El libro de Stent no es un análisis del tiempo presente ni mucho menos un tratado de futurología. Por el contrario, es una crónica de la historia reciente que arroja luz sobre los altibajos de la relación entre Moscú y Washington. Detrás del análisis riguroso de casi un cuarto de siglo, surge con claridad la exposición de los intereses de Rusia, que ha considerado a menudo defraudados. De hecho, el mayor reproche que podrían hacer los rusos a los norteamericanos, bien fuera bajo el gobierno de Yeltsin o el de Putin, es que solo han buscado de forma egoísta sus propios intereses. No es exagerado decir que este libro, basado en las lecciones de la historia reciente, aspira a contribuir a la formación de expertos en las relaciones ruso-americanas. La actual crisis de Ucrania debería ser un toque de atención para la Administración Obama, mucho más interesada hasta ahora por Asia-Pacífico e incluso por Oriente Medio, algo en paralelo a su aparente pérdida de interés por el espacio euroatlántico.

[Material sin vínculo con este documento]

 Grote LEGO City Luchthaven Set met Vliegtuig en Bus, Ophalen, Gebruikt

Esta obra es, ante todo, el relato de unas expectativas frustradas. Al comienzo de cada presidencia norteamericana (Bush sr., Clinton, Bush jr. y Obama), los respectivos inquilinos de la Casa Blanca han planteado un reset en las relaciones, un reinicio que partiera de cero y olvidara los errores de sus antecesores. Este planteamiento fue escenificado en 2009 por la secretaria de Estado, Hilary Clinton, que regaló a Sergei Lavrov, ministro ruso de asuntos exteriores, un botón rojo con la palabra reset.

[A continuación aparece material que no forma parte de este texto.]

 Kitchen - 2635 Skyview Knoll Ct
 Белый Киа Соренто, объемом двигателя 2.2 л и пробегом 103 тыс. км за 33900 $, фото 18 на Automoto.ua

Stent considera que abordar las relaciones desde planteamientos generalistas y poco concretos ha desembocado siempre en el fracaso. Acaso la raíz de las discrepancias es que Rusia desea ver reconocido por EEUU su estatus de gran potencia, similar al que tuvo durante la guerra fría, y no se conforma con ser un mero socio de Washington. Por su parte, EEUU, implícita o explícitamente, se consideró el vencedor de la guerra fría con el consiguiente derecho a extender por el mundo la democracia liberal y la economía de mercado. Esto explica las dos visiones muy diferentes que norteamericanos y rusos tienen acerca de la década de los 90. Para unos significan un tiempo de esperanza, con un avance en el pluralismo y la libertad de expresión, tras la caída del sistema soviético. Sin embargo, para  otros representan una época de debilidad, pobreza y desorden. Por tanto, Moscú ha considerado normal revertir esa situación por medio de la afirmación del principio de la soberanía estatal y la no injerencia en sus asuntos internos. Una superpotencia clásica para una concepción clásica del Derecho Internacional, contrapuesta al Derecho internacional actual con sus aspectos de intervención humanitaria y de responsabilidad de proteger.

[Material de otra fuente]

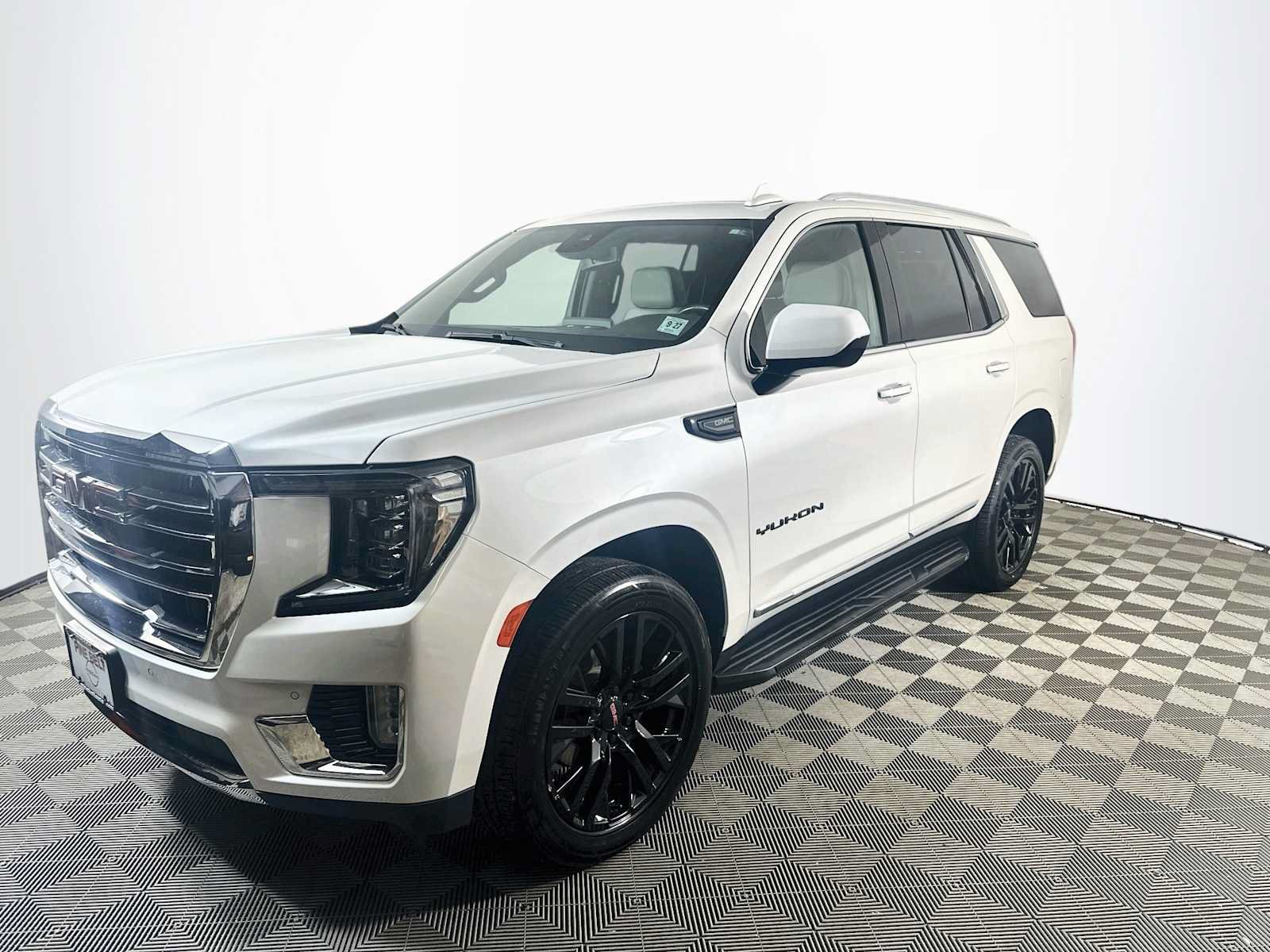 Used 2023 GMC Yukon SLT AWD/4WD image 1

La conclusión final del libro es que la asociación entre EEUU y Rusia siempre será de carácter limitado. Ningún presidente norteamericano puede aspirar a otra cosa que a la cooperación en áreas específicas de interés para ambos países. Hay que huir de las relaciones demasiado personalizadas y contar con el asesoramiento de expertos en la historia y cultura rusas. Y otro consejo no menos importante de Angela Stent: habría que evitar expresar en público juicios de valor sobre la política rusa, tanto positivos como negativos.